One day the regular herder was sick and I took his place. He was a “lunger,” a victim of tuberculosis, who had waited too long before coming to Colorado. At one time I worked with three of these men, and I came to know how their disease could send them to the top round of ecstasy and to the lowest level of depression in a single day. I have seen them get up in the morning dancing at the very joy of life, planning their “going home” to surprise the old folks with their cure. Yet by night perhaps they put a handkerchief to the mouth and took it away stained with blood—and their spirits would fall to earth abruptly. They are even more distressing companions than inhabitants of the silence who feel that they have lost life, fortune and future with the closing of their ears.

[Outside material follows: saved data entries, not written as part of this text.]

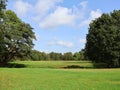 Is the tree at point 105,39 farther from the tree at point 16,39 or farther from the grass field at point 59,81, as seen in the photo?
the grass field at point 59,81

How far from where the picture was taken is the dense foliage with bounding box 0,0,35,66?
239ft

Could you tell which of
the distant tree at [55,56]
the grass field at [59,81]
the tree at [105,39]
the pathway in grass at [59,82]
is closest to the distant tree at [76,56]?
the distant tree at [55,56]

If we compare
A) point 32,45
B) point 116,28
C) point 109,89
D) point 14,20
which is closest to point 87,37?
point 116,28

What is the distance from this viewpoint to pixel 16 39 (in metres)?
73.8

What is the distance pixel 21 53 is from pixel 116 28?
2270 centimetres

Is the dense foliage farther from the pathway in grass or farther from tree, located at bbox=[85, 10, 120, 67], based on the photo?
the pathway in grass

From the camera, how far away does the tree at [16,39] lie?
241 ft

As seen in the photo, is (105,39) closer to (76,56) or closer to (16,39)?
(16,39)

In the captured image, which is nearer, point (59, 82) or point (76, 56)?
point (59, 82)

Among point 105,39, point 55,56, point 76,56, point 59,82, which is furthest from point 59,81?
point 55,56

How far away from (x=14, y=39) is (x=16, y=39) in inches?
19.5

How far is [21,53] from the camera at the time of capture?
73.8 meters

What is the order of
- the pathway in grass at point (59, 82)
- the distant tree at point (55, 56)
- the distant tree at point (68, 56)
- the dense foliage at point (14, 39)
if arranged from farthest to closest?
the distant tree at point (55, 56)
the distant tree at point (68, 56)
the dense foliage at point (14, 39)
the pathway in grass at point (59, 82)

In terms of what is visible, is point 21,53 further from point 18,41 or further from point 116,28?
point 116,28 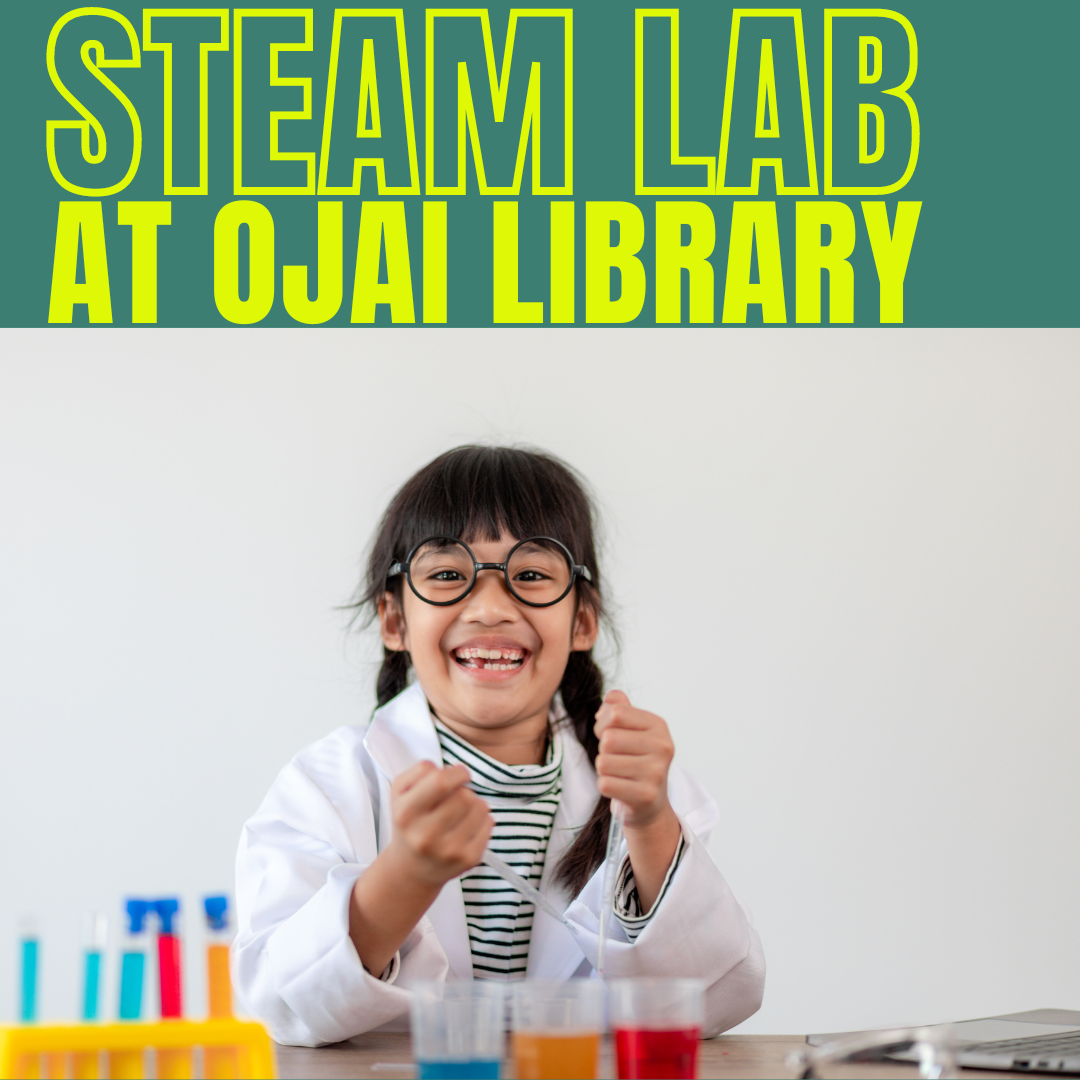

This herder had built up trouble for me without telling me about it. The deaf man usually runs blindly into that form of trouble every week of his life; it is a sort of legacy which others leave at his door. Down the river some two miles lived a ranchman who had seeded wheat and made a garden on a low flat where the river curved past a bluff. The herder had carelessly let the cattle get away from him the previous day, and before he could stop them several cows had trampled through this garden with all the exasperating nonchalance that a fat and stupid cow is capable of showing. When a man has lived for a year or so on “sow belly,” pancakes and potatoes, and when he is naturally inclined to a profane disposition of language, he knows precisely what to do to the responsible party. As I came along the river behind the herd, I saw this ranchman and his wife advancing to meet me. He opened up at long range, but as I did not know what it was all about, and, moreover, could not hear him, I kept on riding right up to meet him. My pony had once belonged to a mule driver noted for his remarks to mules, and the little horse actually seemed to recognize a master in this excited individual. This man’s boy afterwards told me that as he advanced his father was relating in a dozen ways in which he proposed to punish me. Shooting, it appeared, was too easy. He would meet me man to man and roll me in the cactus, etc., and worse! Unfortunately, I did not hear at all until I got close to him, and then his breath had failed somewhat, so that he was not doing himself full justice. So I rode right up to him and asked him the most foolish of questions—so he must have thought:

What can I do for you?

He looked at me in amazement.

“Are you deaf?”

I told him that I could not hear well.

“Ain’t you heard a word of what I’ve been handing you?”

“Hardly a word!”

“Well, by God, if that don’t beat all! I’ve wasted all them words on a deaf man!”

There was genuine sorrow in his voice as he spoke of the loss sustained by society through my failure to hear. All his anger was gone.